Berliner Lieferdienst in der Krise: Gorillas ein innovatives Start-Up? Das Gegenteil ist der Fall
Der Express-Bringdienst inszeniert sich gerne als besonders modern. Doch das Verhalten der Geschäftsführung wirkt aus der Zeit gefallen. Ein Kommentar.
Der Berliner Express-Lieferdienst Gorillas galt als große Start-up-Hoffnung, jetzt rutscht das Unternehmen in die Krise. Ein Teil der Beschäftigten rebelliert seit Wochen mit wilden Streiks und Blockaden. Mitten im Wahlkampf hat nun sogar der Bundesarbeitsminister für die nächste Woche seinen Besuch angekündigt. Die Geschäftsführung ist offensichtlich überfordert – und könnte alles verlieren.
Wilde Streiks, also spontane Arbeitsniederlegungen, sind in Deutschland eigentlich nicht erlaubt. Wer sich an wilden Streiks beteiligt, riskiert Abmahnungen, unter Umständen sogar die Kündigung.
Doch das schreckt die Fahrradkuriere, die sich Rider nennen, nicht ab. Sie protestieren lautstark und medienwirksam. Ihre Forderungen: rechtzeitige Bezahlung, wetterfeste Kleidung und sichere Fahrräder. Also elementare Dinge, die Ihnen arbeitsrechtlich ohnehin zustehen, die sie aber offenbar nicht immer bekommen.
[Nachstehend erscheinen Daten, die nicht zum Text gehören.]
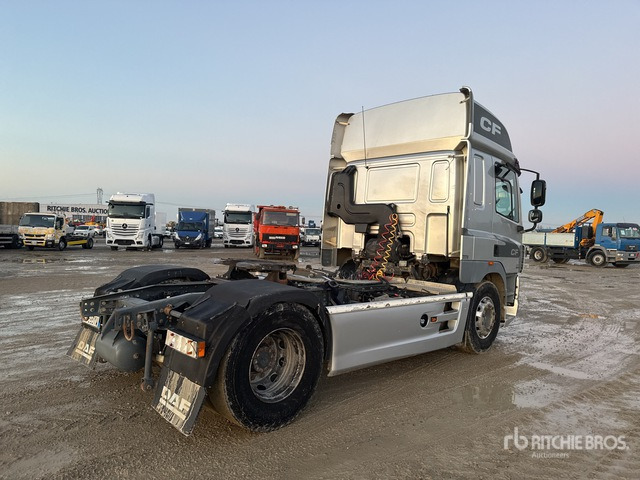 2009 DAF CF85.460 4x2 S/A Sleeper Truck Tractor - رأس تريلا: صورة 3 2009 DAF CF85.460 4x2 S/A Sleeper Truck Tractor - رأس تريلا: صورة 3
Der Geschäftsführer Kağan Sümer beschwor kürzlich in einer internen Email mit viel Pathos das Gemeinschaftsgefühl. Ein türkisches Sprichwort zitierend schrieb er: „Wenn ein Baum Äpfel trägt, werfen die Leute mit Steinen, um die Äpfel herunterzuholen.“
Soll heißen: Die Kritik sei nichts anderes als eine böswillige Kampagne von Neidern, die ein Stückchen des Erfolges abhaben wollen. Doch niemand könne Gorillas aufhalten.
Das testosterongetränkte Manifest erinnert an Auswüchse der Start-up-Szene, die schon vor Jahren auf Kritik stießen. Viele Gründer:innen versuchen heute eher mit dem Zeitgeist zu gehen, setzen auf unternehmerische Verantwortung und Nachhaltigkeit. Doch Sümer scheint in seiner eigenen Welt zu leben.
Alles nur geklaut?
Gorillas stellt sich als innovatives Start-up dar, aber das stimmt nicht. Als erster Express-Lieferdienst für Lebensmittel war GoPuff 2013 in den USA gegründet worden. In der Türkei startete 2015 Getir. Auch Delivery Hero aus Berlin betreibt seit Jahren ähnliche Dienste in mehreren Ländern Asiens.
Gelegenheit macht manchmal Unternehmer.
Der Onlinehandel mit Lebensmitteln ist in Deutschland kaum entwickelt, das Potenzial für Wachstum hoch. Deshalb gelang es Kağan Sümer, viele Millionen Euro an Wagniskapital einzusammeln. Und dann brachte die Coronapandemie auch noch einen Kundenansturm.
Doch inzwischen wächst auch hierzulande die Konkurrenz. Gegenüber erfahrenen Wettbewerbern wie Getir oder Delivery Hero hat Sümers Unternehmen nur einen Vorteil: die starke Marke. Gorillas ist cool, ohne Zweifel. Doch genau das setzt der Chef gerade aufs Spiel.
Das Geschäft von Gorillas liegt buchstäblich auf den Schultern der Rider. Die sind größtenteils junge Menschen aus Nicht-EU-Ländern. Sie sprechen wenig oder kein Deutsch, gelten für den deutschen Arbeitsmarkt als gering qualifiziert.
[Lesen Sie mehr: Warum das Berliner Milliarden-Start-up Gorillas jetzt unter besonders starkem Druck steht. (T+)]
Von ihrem Arbeitgeber sind sie in besonderer Weise abhängig. Dass Beschäftigte in einer solchen Situation aufbegehren, ist ungewöhnlich. Es verschafft ihnen aber auch Sympathien. Und ihr Selbstbewusstsein ist gerechtfertigt.
Längst konkurrieren die Lieferdienste auch um Rider. Um profitabel zu werden, muss das Unternehmen expandieren und europaweit viele neue Leute einstellen.
Sollte Gorillas als Arbeitgeber unattraktiv werden, dürfte das nicht nur Kund:innen abschrecken. Auch Investor:innen könnten fragen, ob ihr Geld bei einem Wettbewerber nicht besser angelegt wäre.